By the end of 2016, the global public cloud market is expected to grow more than 17% over last year to reach $208.6 billion, according to new projections from Gartner. For IT departments, the potential savings from implementing Infrastructure-as-a-Service (IaaS) and Software-as-a-Service (IaaS) is helping fuel the growth of these different offerings.
In 2015, the public cloud market totaled $178 billion, and this year's total will reach 17.2% more than that amount, according to Gartner. Although not mentioned in the report, Amazon Web Services (AWS) is assumed by many to dominate the public IaaS market, with Microsoft, Google, and other vendors seen as distant runners-up.
The growth of the public cloud market is being driven by IT departments' desire to save money and offload more and more workloads to these third-party providers. In the Sept. 15 report, Gartner research director Sid Nag notes that many IT shops are saving as much as 14% of their budget by moving applications to the cloud.
However, Nag adds that, while some companies have realized the benefits of public cloud services, many other organization are still hesitant and only testing the waters:
However, the aspiration for using cloud services outpaces actual adoption. There's no question there is great appetite within organizations to use cloud services, but there are still challenges for organizations as they make the move to the cloud. Even with the high rate of predicted growth, a large number of organizations still have no current plans to use cloud services.

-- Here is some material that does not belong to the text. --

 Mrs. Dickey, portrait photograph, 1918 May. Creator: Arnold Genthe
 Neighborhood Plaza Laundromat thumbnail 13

For those IT shops that are pushing apps out to the cloud, it's the desire to modernize the company's technology to prepare for the digital future that is driving this decision. Cost savings, agility, and innovations are also cited as other motivators to explore the benefits of public cloud.
Gartner's outlook on the public cloud reflects other recent research about this market.
On Sept. 1, 451 Research released its latest "Voice of the Enterprise: Cloud Transformation" survey, which found that four out of ten enterprise workloads are running on either a public cloud or on a private cloud. In the next 18 months, that's expected to increase to about 60%, with SaaS applications proving the most popular, according to the research firm.
When it comes to marketshare, a recent report by Synergy Research Group showed that Microsoft and Salesforce are the two leading providers of SaaS, with Redmond, interestingly, starting to gain an edge over Salesforce in recent months.
The 451 report, which is based on the results of 1,200 interviews with IT pros between May and June of this year, also found that IaaS is expected to grow the fastest over the next two years, with about 12% of application workloads moving to the public IaaS market.
One of the main stumbling blocks to even greater public cloud adoption is security, although the Gartner reports stresses that leading public IaaS and SaaS offerings are fairly secure already. It's how these services are used that's a greater concern.
"Gartner's position on cloud security has been clear -- public cloud services offered by the leading cloud providers are secure. The real security challenge is using public cloud services in a secure manner," Ed Anderson, research vice president at Gartner and another author of the study, wrote in a press release.
In addition to the growth of public cloud, private cloud infrastructure is expected to grow through the end of 2017, with many different businesses adopting a hybrid approach that can provide an even greater layer of flexibility.
However, the Gartner reports there are several problems with the hybrid approach, including finding a common set of APIs between vendors, management tools, vendor support, and a lack of application compatibility.